■ **Records supplied**:

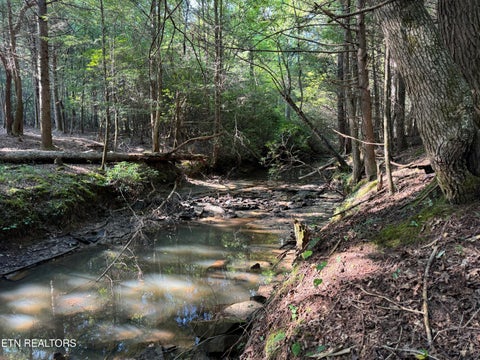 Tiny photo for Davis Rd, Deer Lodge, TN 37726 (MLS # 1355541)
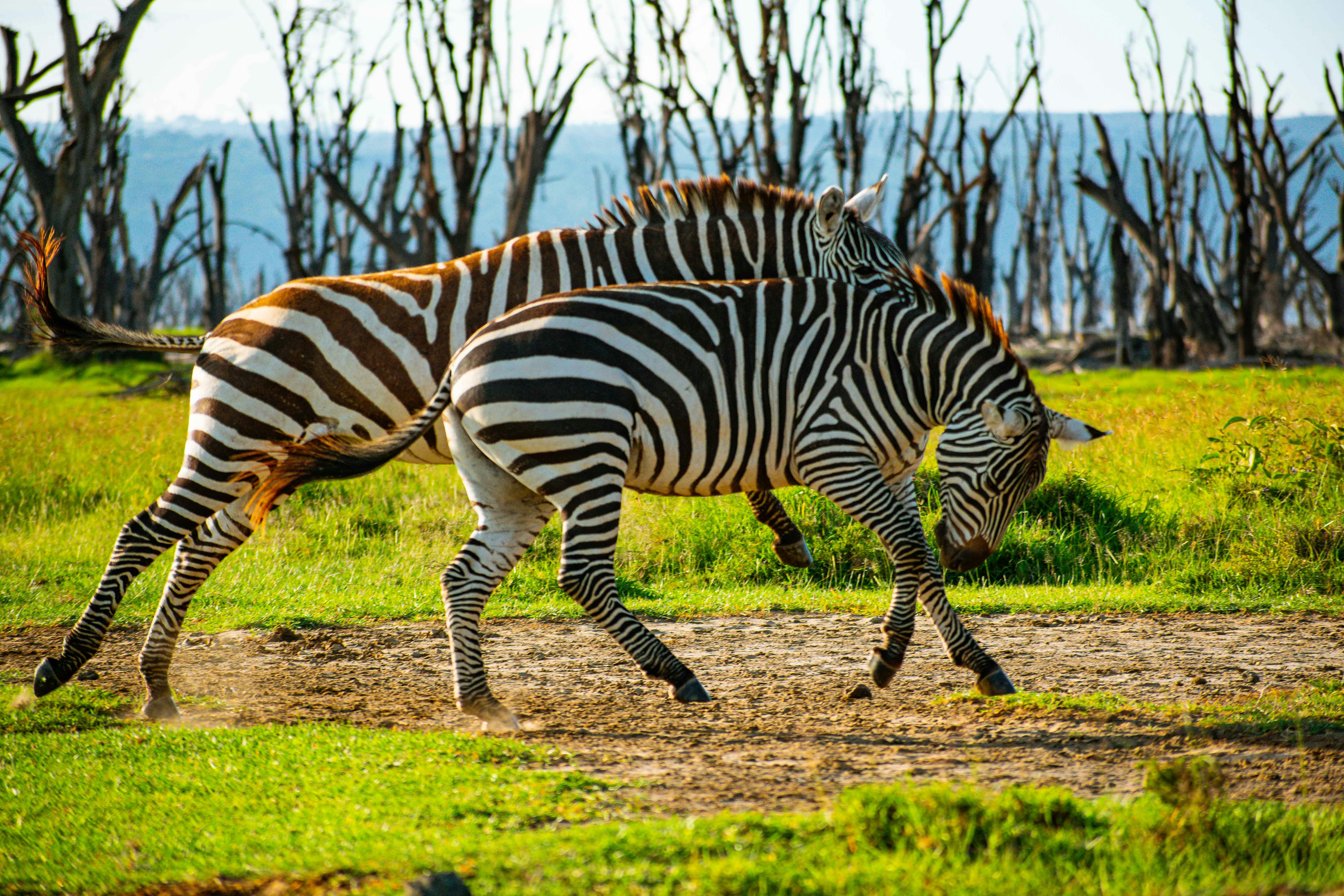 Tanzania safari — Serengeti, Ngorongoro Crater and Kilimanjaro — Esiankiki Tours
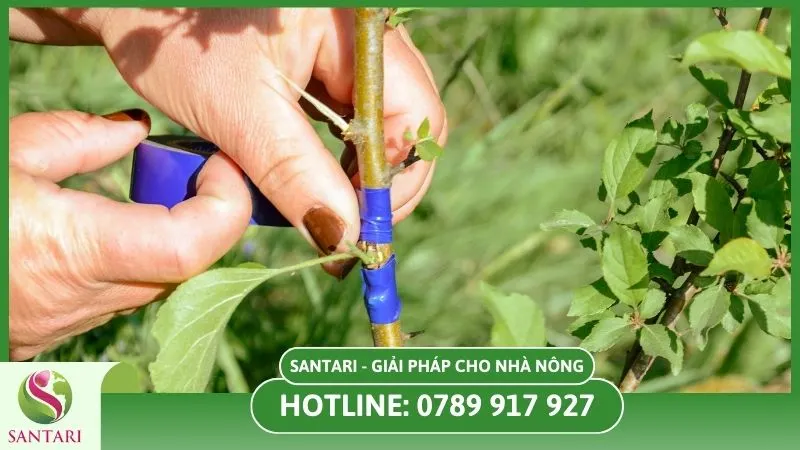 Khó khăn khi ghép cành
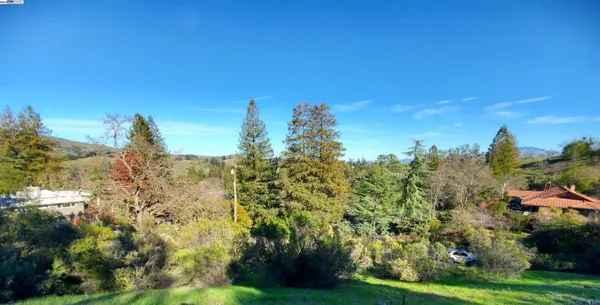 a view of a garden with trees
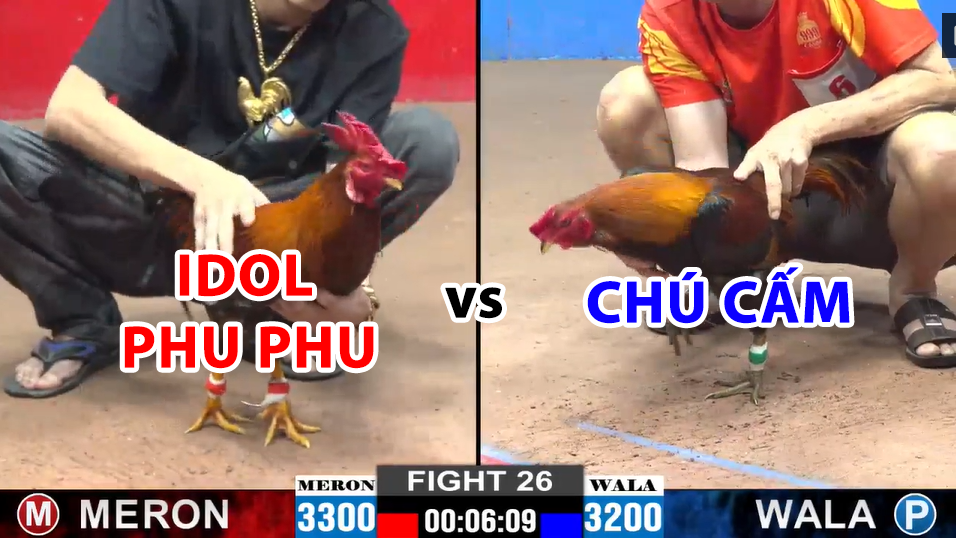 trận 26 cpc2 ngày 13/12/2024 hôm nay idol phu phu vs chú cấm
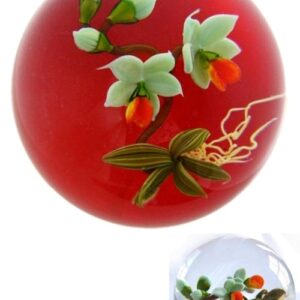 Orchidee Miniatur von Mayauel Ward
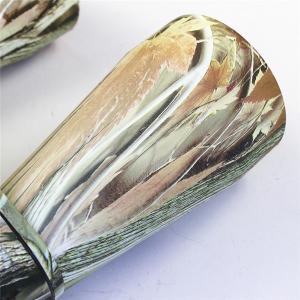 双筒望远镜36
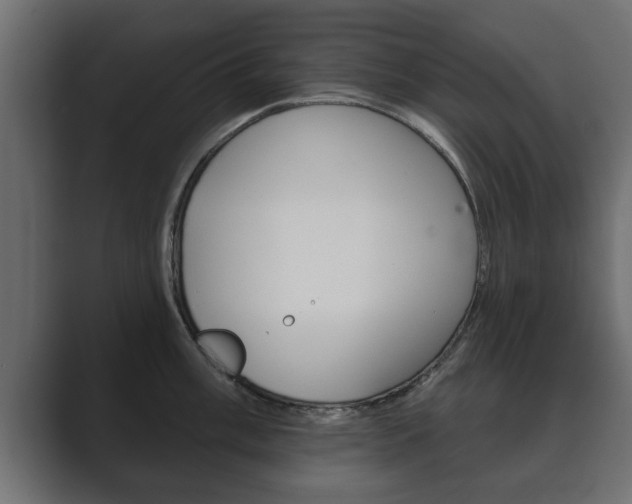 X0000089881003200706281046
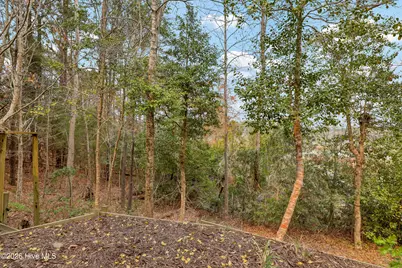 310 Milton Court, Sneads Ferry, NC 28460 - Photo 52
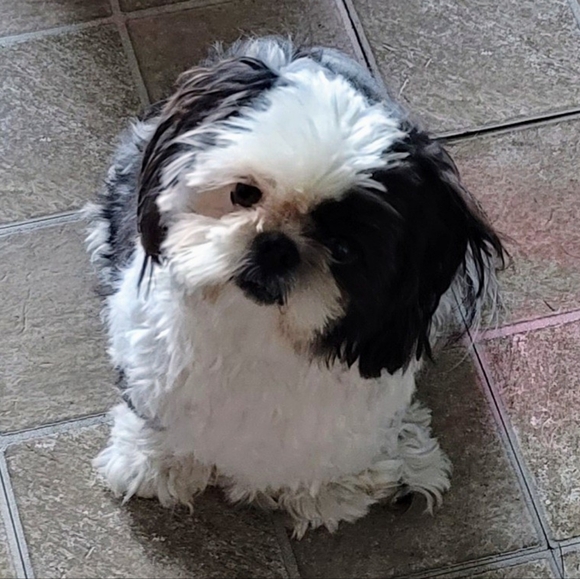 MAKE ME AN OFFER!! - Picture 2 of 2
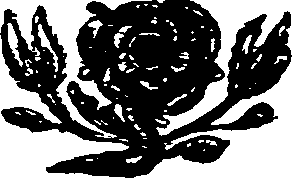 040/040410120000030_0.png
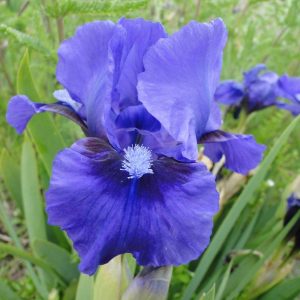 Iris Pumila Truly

■ **Exercise objective**:
Your answer should copy the listing word for word, with no pictures in it.

■ **Worked solution**:
 Tiny photo for Davis Rd, Deer Lodge, TN 37726 (MLS # 1355541)
 Tanzania safari — Serengeti, Ngorongoro Crater and Kilimanjaro — Esiankiki Tours
 Khó khăn khi ghép cành
 a view of a garden with trees
 trận 26 cpc2 ngày 13/12/2024 hôm nay idol phu phu vs chú cấm
 Orchidee Miniatur von Mayauel Ward
 双筒望远镜36
 X0000089881003200706281046
 310 Milton Court, Sneads Ferry, NC 28460 - Photo 52
 MAKE ME AN OFFER!! - Picture 2 of 2
 040/040410120000030_0.png
 Iris Pumila Truly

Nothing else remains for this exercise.